Assignment — Repeat each record exactly. Any picture gets left out.
═══
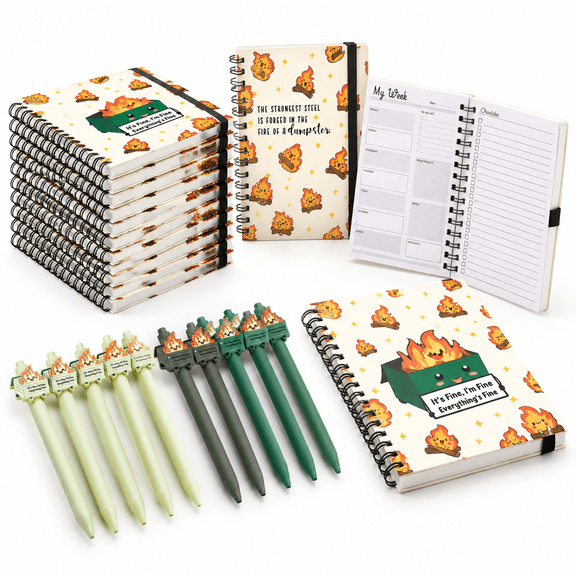 Green 60 Count Dumpster Fire Pen and Notepad Set for Office and Daily Use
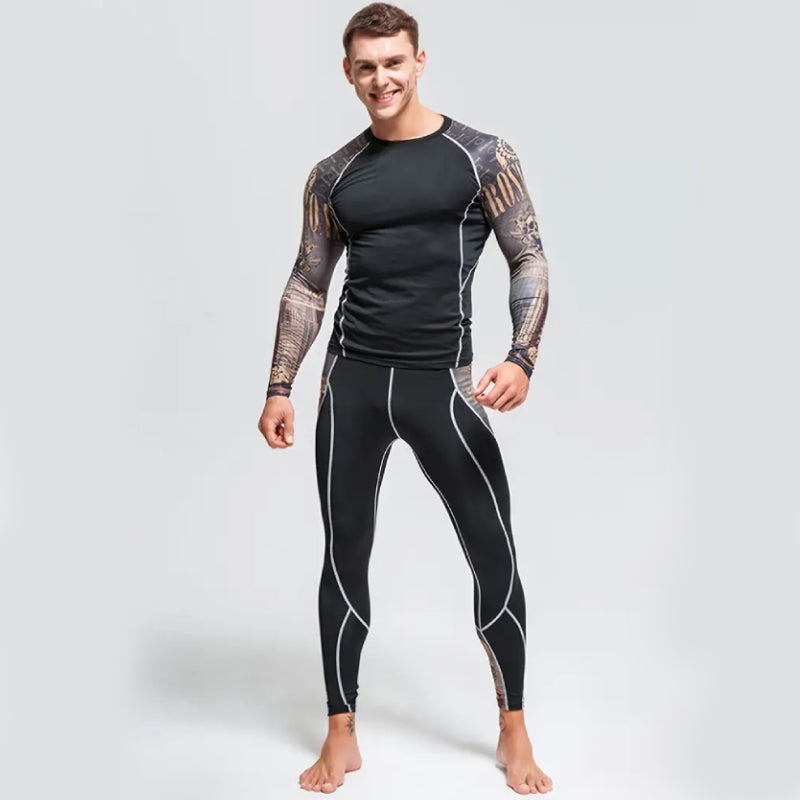 Sportowy komplet męski dopasowany - koszulka i legginsy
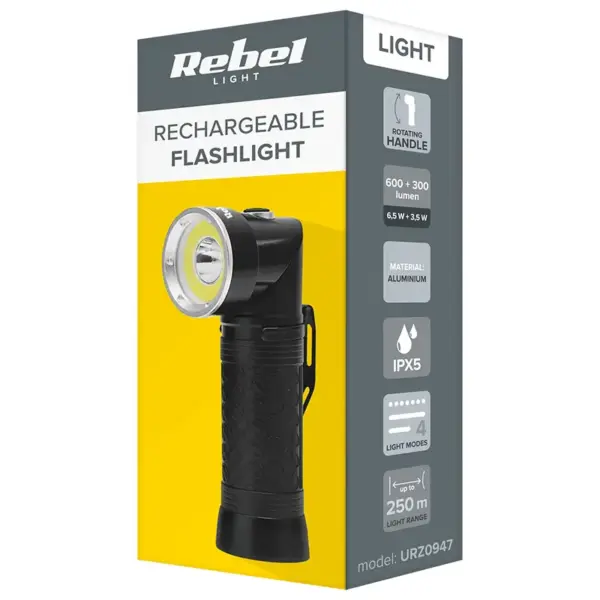 Lanterna 10W IPX5 acumulator 18650 REBEL URZ0947 - imagine 6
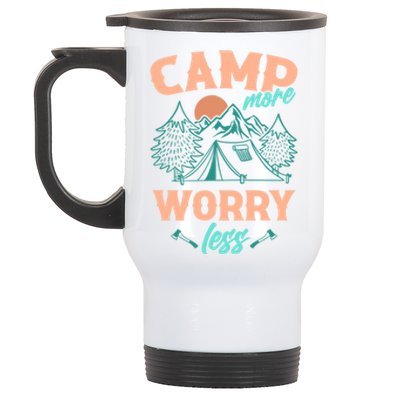 Adventure Camping Camp More WorryLess Cute Gift Stainless Steel Travel Mug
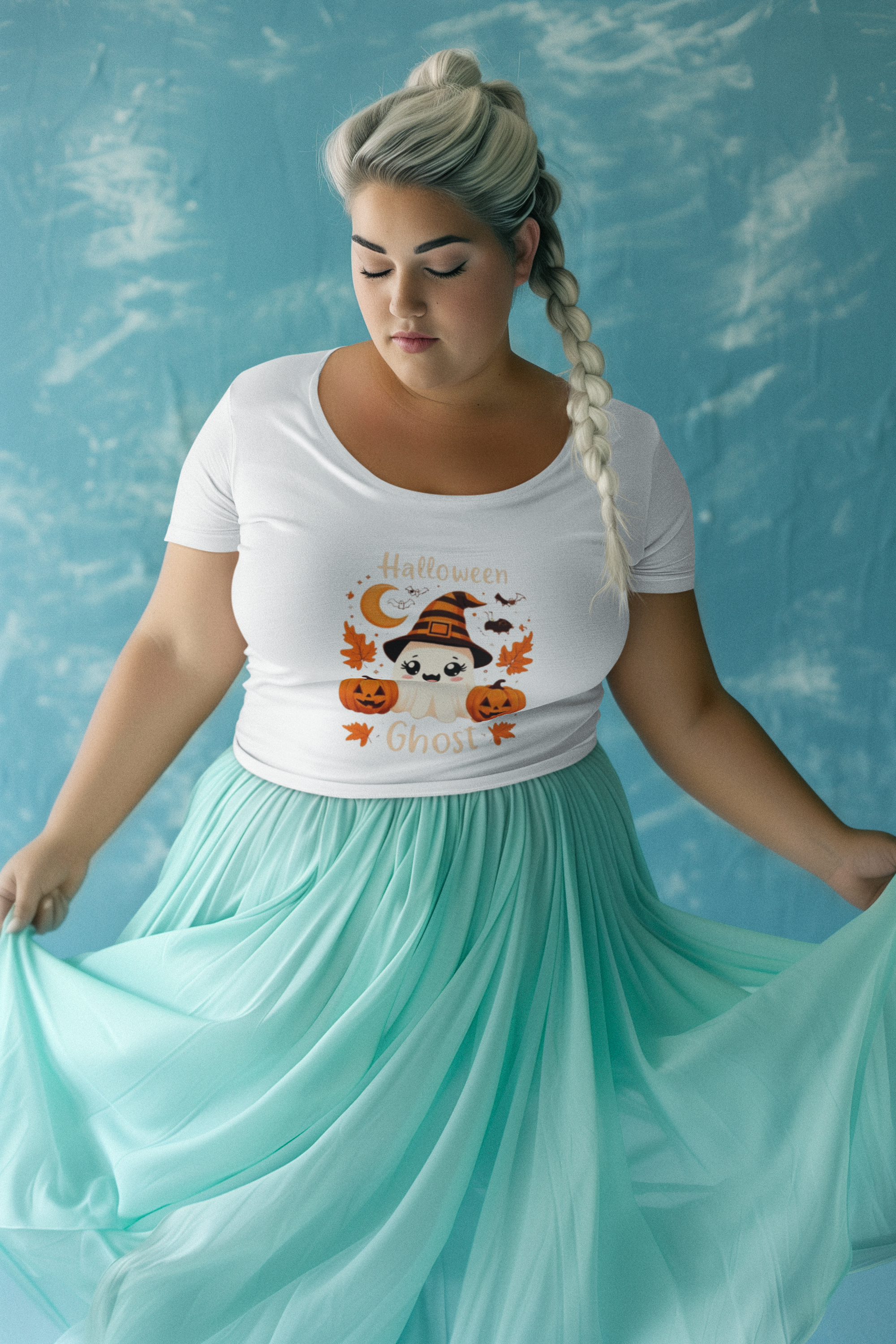 Cute Halloween Ghost T-Shirt Premium Women Crewneck T Shirt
═══
Answer box —
 Green 60 Count Dumpster Fire Pen and Notepad Set for Office and Daily Use
 Sportowy komplet męski dopasowany - koszulka i legginsy
 Lanterna 10W IPX5 acumulator 18650 REBEL URZ0947 - imagine 6
 Adventure Camping Camp More WorryLess Cute Gift Stainless Steel Travel Mug
 Cute Halloween Ghost T-Shirt Premium Women Crewneck T Shirt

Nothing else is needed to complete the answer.